There was joy the war was over, hope for peaceful uses of atomic power. And, from the very start, there was fear.
''I knew that the final crisis in human history had come,'' wrote John Haynes Holmes, a New York City minister. ''What the atomic bomb had done to Japan, it could do to us.''
Newspapers and magazines repeatedly subjected the nation's cities to hypothetical destruction. Illustrations for a Life article on a ''36-hour atomic war'' showed a mushroom cloud over Washington and the New York Public Library as radioactive rubble.
There was talk of moving factories underground, of dispersing cities to the country. A Boston economist who predicted the 1929 stock market crash moved his records to the safety of Eureka, Kan.
But more than America seemed endangered; man now had the power to end his own history. The St. Louis Post-Dispatch editorialized that the bomb may have ''signed the mammalian world's death warrant, and deeded an earth in ruins to the ants.''
To track the coming apocalypse, the Bulletin of the Atomic Scientists put a ''Doomsday Clock'' on its cover. The hands started at seven minutes to midnight -- midnight being ...

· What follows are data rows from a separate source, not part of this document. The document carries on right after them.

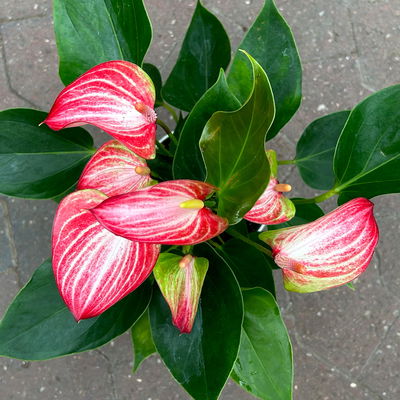 Flamingoblume 'Livium Red' rot-weiß gestreift, inkl. Übertopf Dallas weiß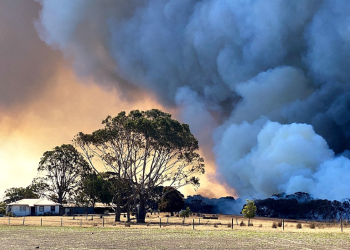 Five steps to get bushfire ready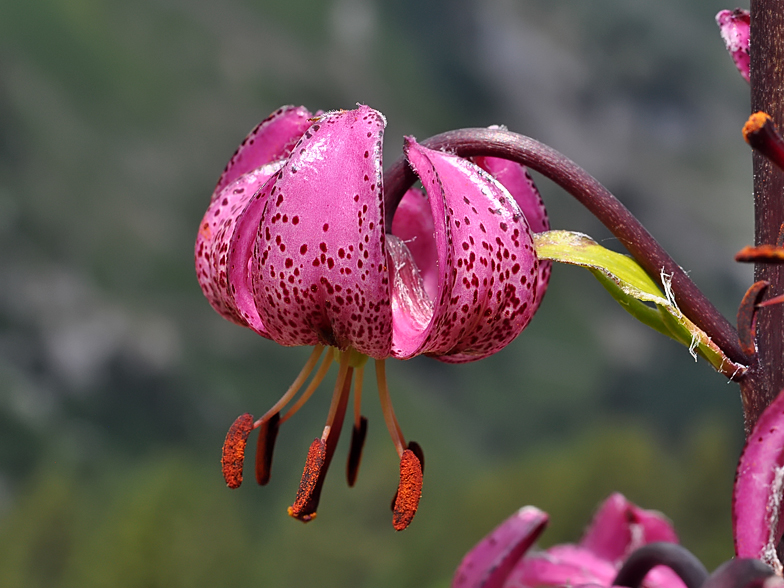 Lilium martagon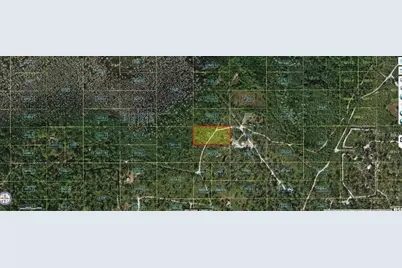 Holopaw Groves Road, Saint Cloud, FL 34773 - Photo 2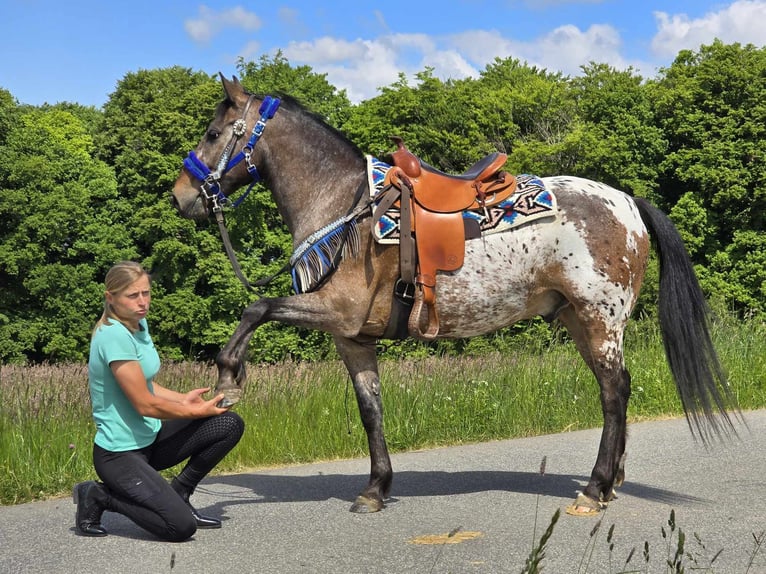 Appaloosa Wallach 9 Jahre 151 cm Tigerschecke in Linkenbach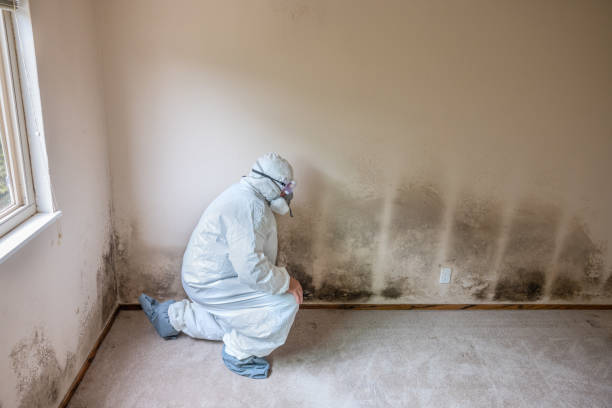 Best Commercial Mold Removal  in South Barre, VT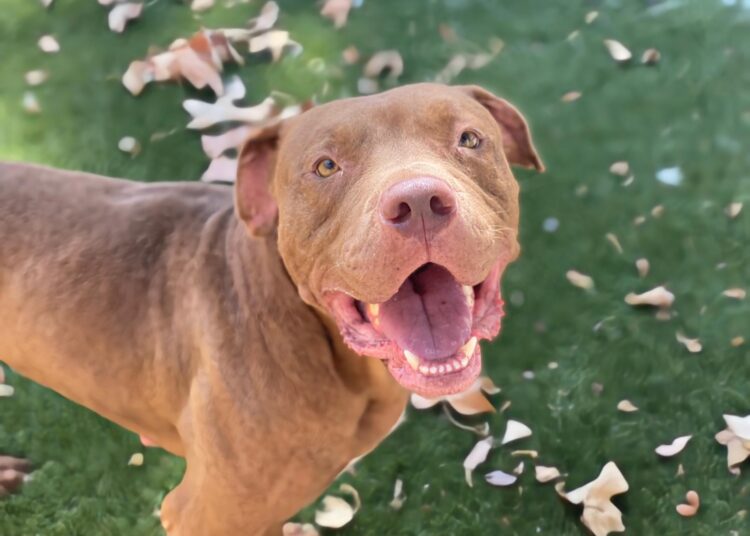 Servicios Animales de Chula Vista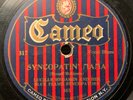 78 RPM LUCILLE HEGAMIN Syncopatin' Mama / Your Man-My Man CAMEO 317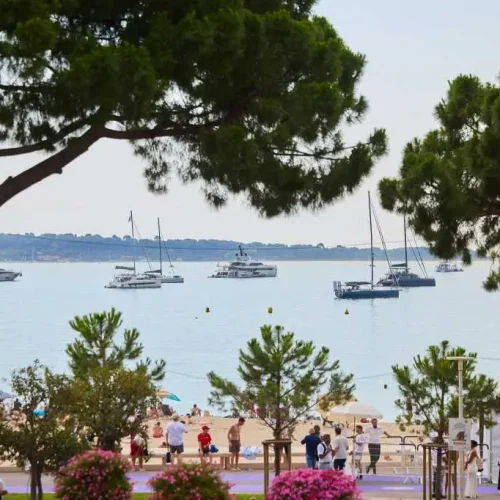 blis-cannes-2026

Lying home in bed, struck by the contrast between new life and mass death, Patricia Munk wondered what the women of the world could do to stop war.
The following year, she was attracted to the fledgling world government movement, and became local secretary of the United World Federalists, headed by a young Yale graduate, Cord Meyer. ''One world or none,'' the Federalists warned.
Josef Stalin, however, was no fan of world government, or any government besides the one he ran from the Kremlin. By 1949, the Cold War was raging, the number of U.S. atomic bombs had risen to 300, and the World Federalists' membership was plummeting.
Cord Meyer resigned, and soon joined the CIA. He later explained why: ''I came to dislike the sound of my own voice as I promised a federalist salvation in which I no longer had any real confidence.''
The bomb was a fact of life. Then, suddenly, it became a necessity.
On the morning of Sept. 23, 1949, reporters were summoned to the office of Charles Ross, President Truman's press secretary. After ordering the doors locked, Ross passed out mimeographed sheets: The Soviet Union had detonated an atomic bomb.
''There is only one thing worse than one nation having the atomic bomb,'' said Harold C. Urey, the Nobel Prize winning atomic researcher. ''That's two nations having it.'' The Doomsday Clock moved up four minutes, to 11:57.
Three months later, Truman announced plans to develop the hydrogen bomb, which would be hundreds of times more powerful than the one that shattered Hiroshima.
Now, said Albert Einstein, ''radioactive poisoning of the atmosphere and hence annihilation of any life on earth has been brought within the range of technical possibilities.''
Compared to 1945, the public reaction was muted. It was a quiet born of impotence, frustration, desperation. For years hence, roughly half of the nation's adults would say they expected to die in a nuclear battle.
Some, however, started thinking the unthinkable - that nuclear war didn't have to be mutual suicide; there might be a winner, although that might mean losing 20 million people instead of 40 million.
Truman created the federal Civil Defense Administration, which flooded the nation with 16 million booklets offering tips for surviving nuclear attack, such as ''jump in any handy ditch or gutter.''
Americans drilled for Armageddon. Spokane, Wash., moved all 18,000 of its downtown business workers to assigned points for leaving town. A B-29 dropped bomb-shaped leaflets that said, ''This could be an atom bomb.'' In 1956, 10,000 Washington government workers scattered to secret relocation centers; President Eisenhower helicoptered to an underground command post at Camp David.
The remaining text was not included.